As also described further below, the positioning instructions may be non-visual so that imaging device 20 may guide user 1 even when sight line L is not or cannot be maintained (e.g., FIG. 19). For example, imaging device 20 of FIG. 2 may comprise a sound generator 24 (e.g., a speaker) and/or a haptic communicator 26 (e.g., a vibrator); and the position instructions may comprise any audio and/or haptic signals output therewith to guide any movement of imaging device 20 relative to body part 4.

Processing unit 50 may comprise any computational resources local to and/or in communication with imaging device 20. As shown in FIG. 2, unit 50 may comprise: a processor 51; a memory 52; a transceiver 53; a measurement unit 54; a signal input 55; and a signal output 56. Processor 51 may comprise any combination of central processors and general processors. Memory 52 may comprise any combination of program memory operable with processor 51 to store program code and variable memory operable with processor 51 to store input and output data. Transceiver 53 may comprise any type of wired or wireless communication technologies operable to input or output the data. For example, transceiver 53 of FIG. 2 may comprise any wireless technologies (e.g., BlueTooth®, cellular, Wi-Fi, and like technologies) for communicating with a remote image processor 90 over an internet connection to input fit determination data from imaging device 20 to image processor 90, and output one or more recommendations from processor 90 to device 20 (e.g., in fit determination process 190 described below).

Measurement unit 54 may comprise any technologies for outputting position data responsive to movements of imaging device 30, including any sensors for measuring angular rates, forces, and/or positions of imaging device 20. For example, measurement unit 54 of FIG. 2 may comprise an inertial measurement unit configured to output the position data with any combination of accelerometer(s), gyroscope(s), and/or magnetometer(s).

Signal input 55 may comprise any technologies operable to input control signals from user 1. For example, signal input 55 of FIG. 2 may comprise circuits operable with touchscreen portion 42 to input a haptic control signal for initiating the video feed with processing unit 50; circuits operable with an audio input of imaging device 20 (e.g., a microphone) to input audible control signals; and/or circuits operable with a visual input of device 20 (e.g., forward-facing camera 32) to input visual control signals. Signal output 56 may comprise any technologies operable to communicate positioning instructions to user 1. For example, signal output 56 of FIG. 2 may comprise circuits operable with processing unit 50 to communicate positioning instructions to user 1 with visual display portion 44, sound generator 24, and/or haptic communicator 26.

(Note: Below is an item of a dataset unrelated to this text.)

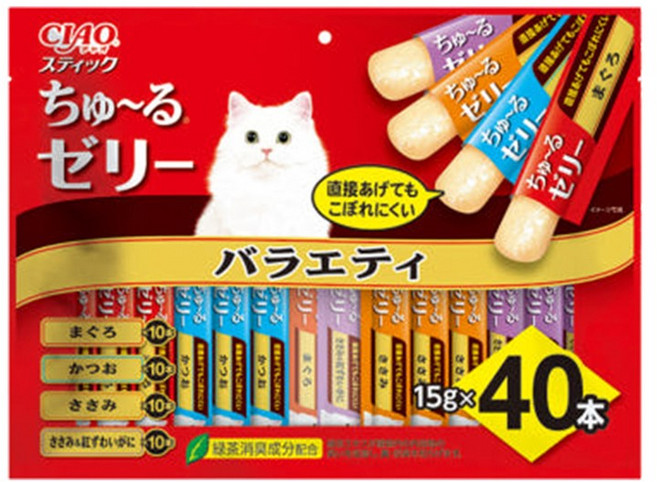 이나바 챠오스틱 버라이어티 고양이간식, 40개, TSC-136 믹스, 15g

Processing unit 50 may be operable with the program code stored on memory 52 to perform any function described herein. Any program code language may be used. For example, processing unit 50 may be operable to perform various functions according to the program code by: inputting data from camera unit 30, the touchscreen portion 42 of display 40, transceiver 53, measurement unit 54, and/or signal input 55; performing various calculations with processor 51 based on the data; and outputting control signals to camera unit 30, visual display portion 44 of display 40, and/or signal output 56 based on the calculations.

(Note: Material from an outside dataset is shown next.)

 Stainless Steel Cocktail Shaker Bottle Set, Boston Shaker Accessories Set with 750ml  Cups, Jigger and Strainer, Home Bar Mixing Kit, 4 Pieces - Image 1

As shown in FIG. 3, processing unit 50 may comprise a neural network 70 that is defined by the program code and trained off-line to perform certain functions according to a machine learning process. Neural network 70 may comprise a plurality of neural networks, and each network may be defined by an algorithm and trained to perform a different function according to a different machine learning process. As shown in FIG. 3, for example, neural network 70 may comprise: a first neural network 72 trained to perform a first function according to a first machine learning process; a second neural network 76 trained to perform a second function according to a second machine learning process; and a third neural network 80 trained to perform a third function according to a third machine learning process.

Each machine learning process may be similar. For example, each machine learning process may broadly comprise generating parameters off-line based on training data, inputting new data, and applying the parameters to the new data. As shown in FIG. 3, for example, first neural network 72 may generate first parameters 73 off-line based on first training data 74, input first new data 75, and apply parameters 73 to data 75; second neural network 76 may generate second parameters 77 off-line based on second training data 78, input second new data 79, and apply parameters 77 to data 79; and third neural network 80 may generate third parameters 81 off-line based on third training data 82, input third new data 83, and apply parameters 81 to data 83.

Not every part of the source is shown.